(WORK INSTRUCTIONS)
Reproduce the entries in full and exactly. Pictures stay out.

Short web captions:
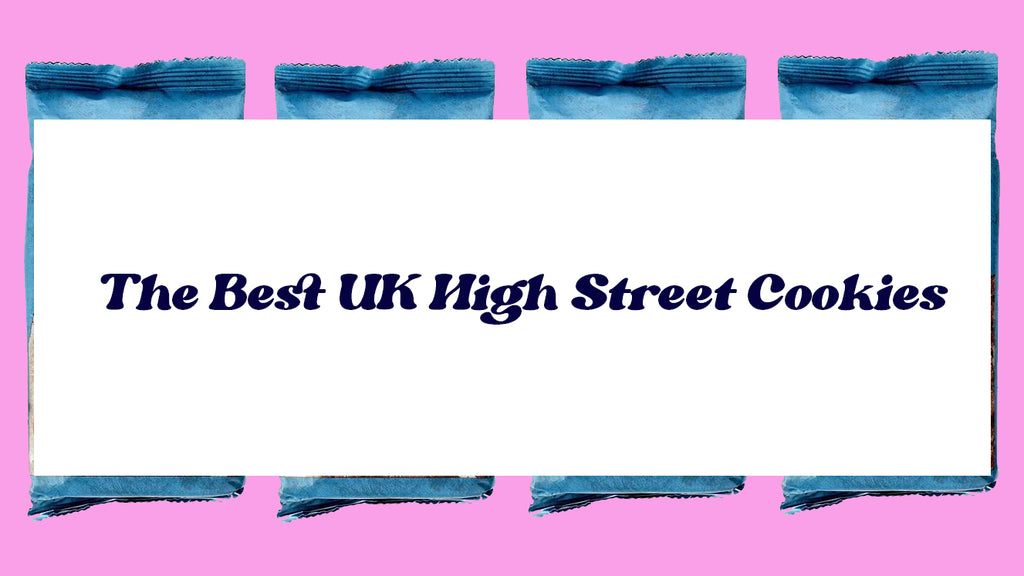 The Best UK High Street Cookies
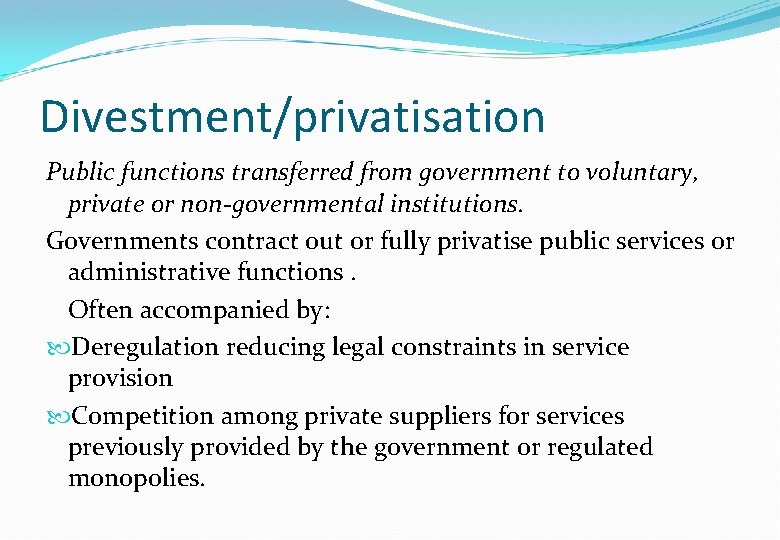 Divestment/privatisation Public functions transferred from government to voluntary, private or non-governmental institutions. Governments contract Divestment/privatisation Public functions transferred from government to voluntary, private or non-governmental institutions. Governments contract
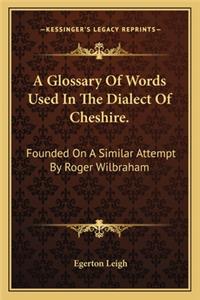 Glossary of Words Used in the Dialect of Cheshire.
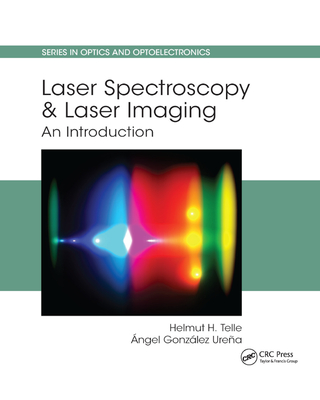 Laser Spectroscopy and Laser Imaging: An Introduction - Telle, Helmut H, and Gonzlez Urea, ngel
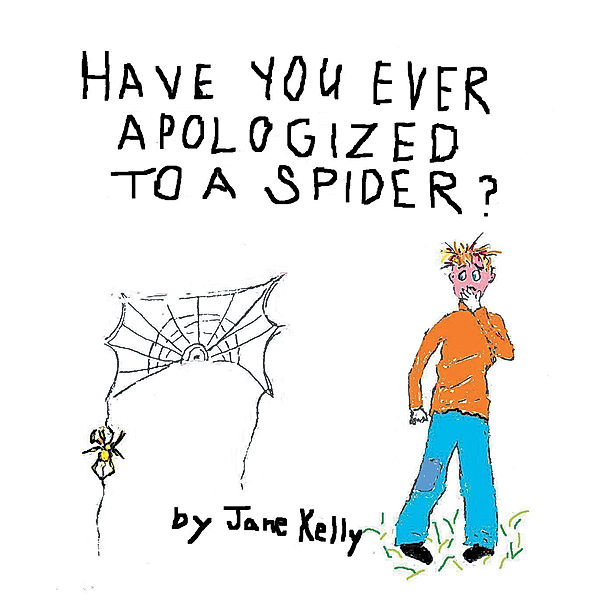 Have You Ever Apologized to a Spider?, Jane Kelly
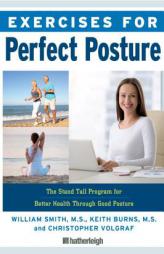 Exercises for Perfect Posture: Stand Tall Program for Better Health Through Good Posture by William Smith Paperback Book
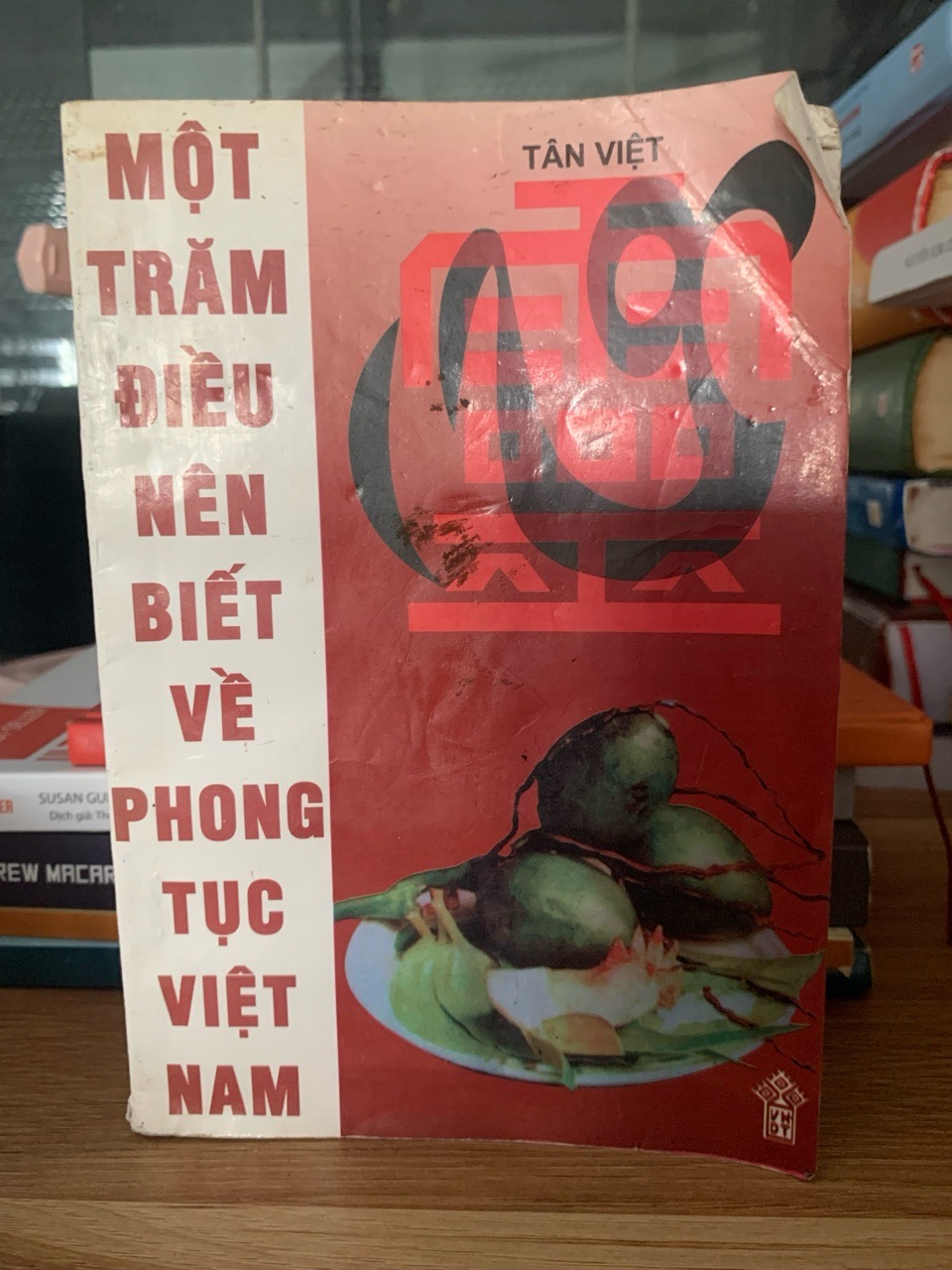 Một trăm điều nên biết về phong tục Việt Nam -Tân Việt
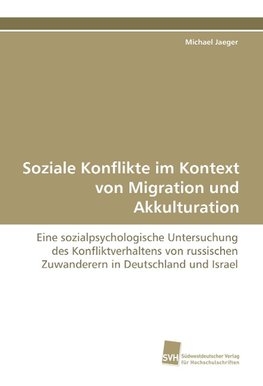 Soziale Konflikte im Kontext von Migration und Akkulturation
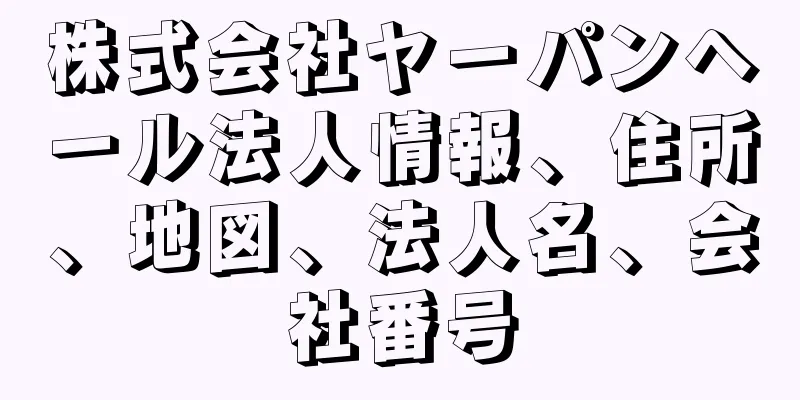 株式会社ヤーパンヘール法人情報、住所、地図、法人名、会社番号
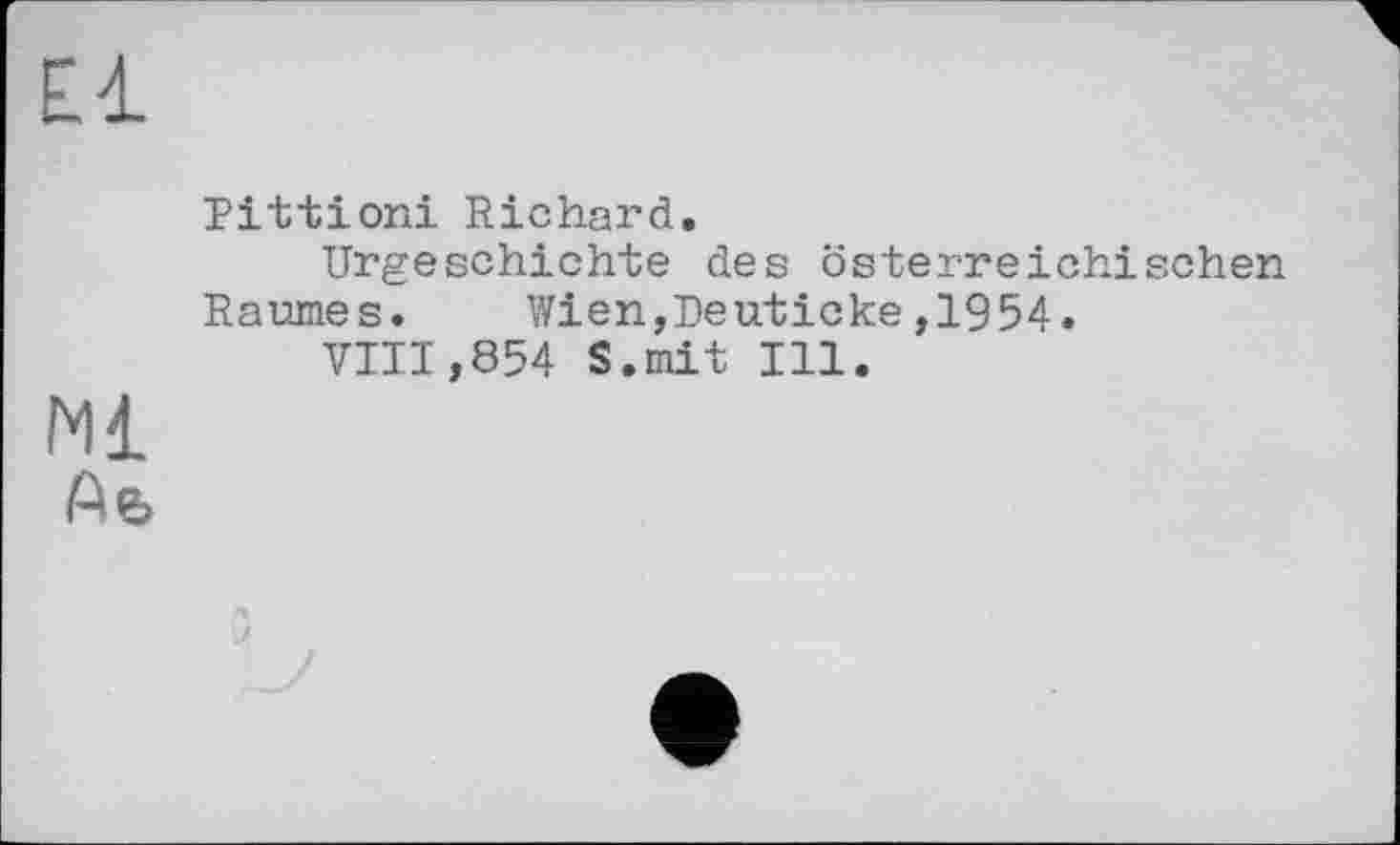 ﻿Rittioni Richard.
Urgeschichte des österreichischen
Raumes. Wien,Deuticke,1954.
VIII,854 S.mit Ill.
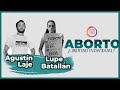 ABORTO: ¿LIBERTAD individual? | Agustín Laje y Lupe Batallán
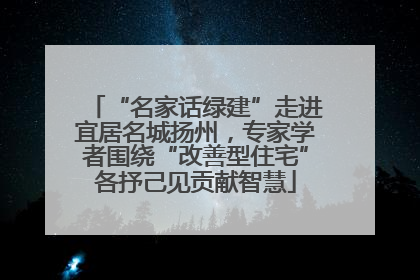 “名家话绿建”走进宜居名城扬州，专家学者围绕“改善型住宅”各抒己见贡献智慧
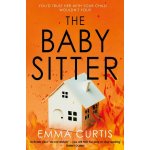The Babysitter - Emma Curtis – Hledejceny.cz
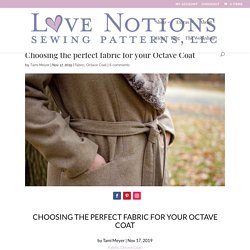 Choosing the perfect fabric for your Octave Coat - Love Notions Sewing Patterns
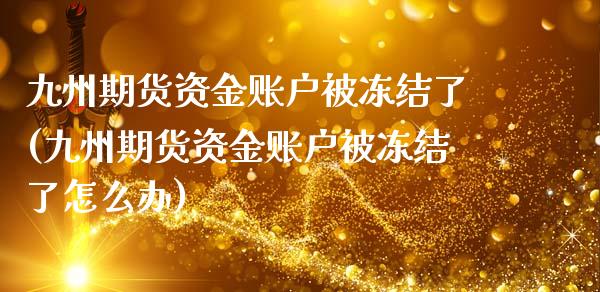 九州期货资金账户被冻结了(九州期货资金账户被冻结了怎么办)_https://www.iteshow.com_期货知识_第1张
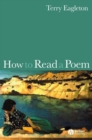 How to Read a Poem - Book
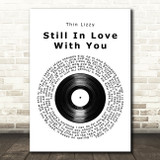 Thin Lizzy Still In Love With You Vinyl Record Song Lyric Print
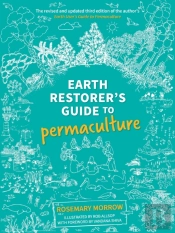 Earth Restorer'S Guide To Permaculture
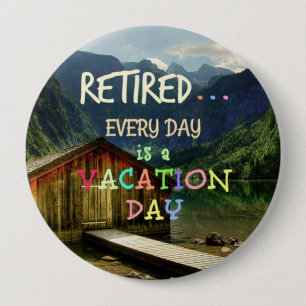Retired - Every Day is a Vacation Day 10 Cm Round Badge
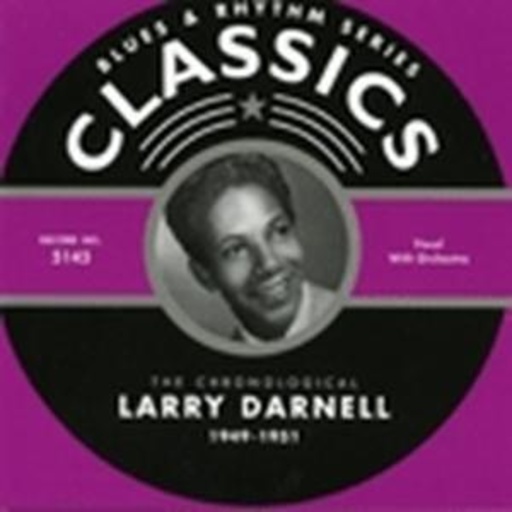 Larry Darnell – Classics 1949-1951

(ANSWER SPACE)
 The Best UK High Street Cookies
 Divestment/privatisation Public functions transferred from government to voluntary, private or non-governmental institutions. Governments contract Divestment/privatisation Public functions transferred from government to voluntary, private or non-governmental institutions. Governments contract
 Glossary of Words Used in the Dialect of Cheshire.
 Laser Spectroscopy and Laser Imaging: An Introduction - Telle, Helmut H, and Gonzlez Urea, ngel
 Have You Ever Apologized to a Spider?, Jane Kelly
 Exercises for Perfect Posture: Stand Tall Program for Better Health Through Good Posture by William Smith Paperback Book
 Một trăm điều nên biết về phong tục Việt Nam -Tân Việt
 Soziale Konflikte im Kontext von Migration und Akkulturation
 株式会社ヤーパンヘール法人情報、住所、地図、法人名、会社番号
 ﻿Rittioni Richard.
Urgeschichte des österreichischen
Raumes. Wien,Deuticke,1954.
VIII,854 S.mit Ill.
 ABORTO: ¿LIBERTAD individual? | Agustín Laje y Lupe Batallán
 “名家话绿建”走进宜居名城扬州，专家学者围绕“改善型住宅”各抒己见贡献智慧
The Babysitter - Emma Curtis – Hledejceny.cz
 Choosing the perfect fabric for your Octave Coat - Love Notions Sewing Patterns
 九州期货资金账户被冻结了(九州期货资金账户被冻结了怎么办)_https://www.iteshow.com_期货知识_第1张
 How to Read a Poem - Book
 Thin Lizzy Still In Love With You Vinyl Record Song Lyric Print
 Earth Restorer'S Guide To Permaculture
Retired - Every Day is a Vacation Day 10 Cm Round Badge
 Larry Darnell – Classics 1949-1951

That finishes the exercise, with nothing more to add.